Action Cancer founding member piles on pressure over £2.3m new Belfast headquarters
A founding member of Action Cancer has attacked plans by the charity to spend more than £2m on a treatment centre that will double as its headquarters.
After this paper yesterday broke news of anger among fundraisers over the proposals, Tom Williamson, the body's first vice-president, branded the project a "waste of money".
The 82-year-old Bangor man, who helped found the charity in 1973, said it was "disheartening" that the organisation planned to spend £2.3m obtained from a legacy windfall on buying and renovating a building in Windsor Avenue, south Belfast.
The premises, built in 1860 by Thomas Anderson, designer of the Titanic, was formerly the headquarters of the Irish Football Association.
Fundraisers told this newspaper they felt that the charity could have found a more suitable building for less money.
After a cancer patient who has volunteered for the group for 17 years wrote to the Belfast Telegraph to voice her concerns, Mr Williamson said: "I agree 100% with the sentiments of the person who sent that letter.
"I feel that it's actually a waste of money. There's bound to be other premises they can get that won't cost them anything like £2m, like Musgrave Park."
However, Action Cancer insisted the plan represented good value and would help meet growing demand.
Mr Williamson joined the charity after his late wife was diagnosed with cancer. Her consultant, Dr George Edelstyn, was the charity's founder and one of the world's leading authorities on cancer at the time. Despite being friendly with Dr Edelstyn, Mr Williamson became unhappy with how the body was run.
"There was a lot of controversy in the charity in the 1970s," he said. "The money wasn't used for the purposes it was collected for, and a lot of the founder members left at that time because of what was happening in Action Cancer."
The charity claimed the Windsor Avenue property was ideal because it is close lose to the cancer unit at Belfast City Hospital and has room for 50 cars to park outside.
But Mr Williamson replied: "They're not going to have 30 or 40 patients arriving at the one time for this screening clinic. They'll work, like anyone else, on a time system.
"What number of car parking spaces do they need for staff? What can they really need for patients after that on a daily basis?

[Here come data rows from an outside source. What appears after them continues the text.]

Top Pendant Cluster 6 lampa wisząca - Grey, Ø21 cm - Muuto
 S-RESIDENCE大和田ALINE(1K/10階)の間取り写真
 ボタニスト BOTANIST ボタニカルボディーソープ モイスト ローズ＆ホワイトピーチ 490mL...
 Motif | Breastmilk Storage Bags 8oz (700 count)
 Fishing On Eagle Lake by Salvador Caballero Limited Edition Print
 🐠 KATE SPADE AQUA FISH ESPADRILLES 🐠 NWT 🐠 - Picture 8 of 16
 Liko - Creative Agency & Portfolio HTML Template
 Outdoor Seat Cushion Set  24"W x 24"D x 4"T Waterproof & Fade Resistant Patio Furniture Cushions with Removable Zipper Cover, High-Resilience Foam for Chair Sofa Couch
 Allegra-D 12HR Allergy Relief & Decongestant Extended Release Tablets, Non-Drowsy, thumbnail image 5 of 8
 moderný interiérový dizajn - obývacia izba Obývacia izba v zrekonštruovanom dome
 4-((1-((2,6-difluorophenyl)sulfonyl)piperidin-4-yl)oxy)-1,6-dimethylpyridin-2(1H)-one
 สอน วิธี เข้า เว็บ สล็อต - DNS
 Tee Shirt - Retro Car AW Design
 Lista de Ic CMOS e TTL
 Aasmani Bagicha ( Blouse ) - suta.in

"I was always an advocate that there are far too many charities. If there was an amalgamation and they pooled their money, it would be better. That was one of my reasons for leaving."
Belfast Telegraph readers gave mixed responses to the plan.
Charmian Mehaffey said: "This is a great local charity and my family has benefited first-hand from their support. This building has car parking, a central location and is probably a good long-term investment. Let's allow Action Cancer to continue their good work."
But Diarmaid Elder added: "One of the most expensive areas to buy in the country. Could have still had a Belfast location with modern building for less."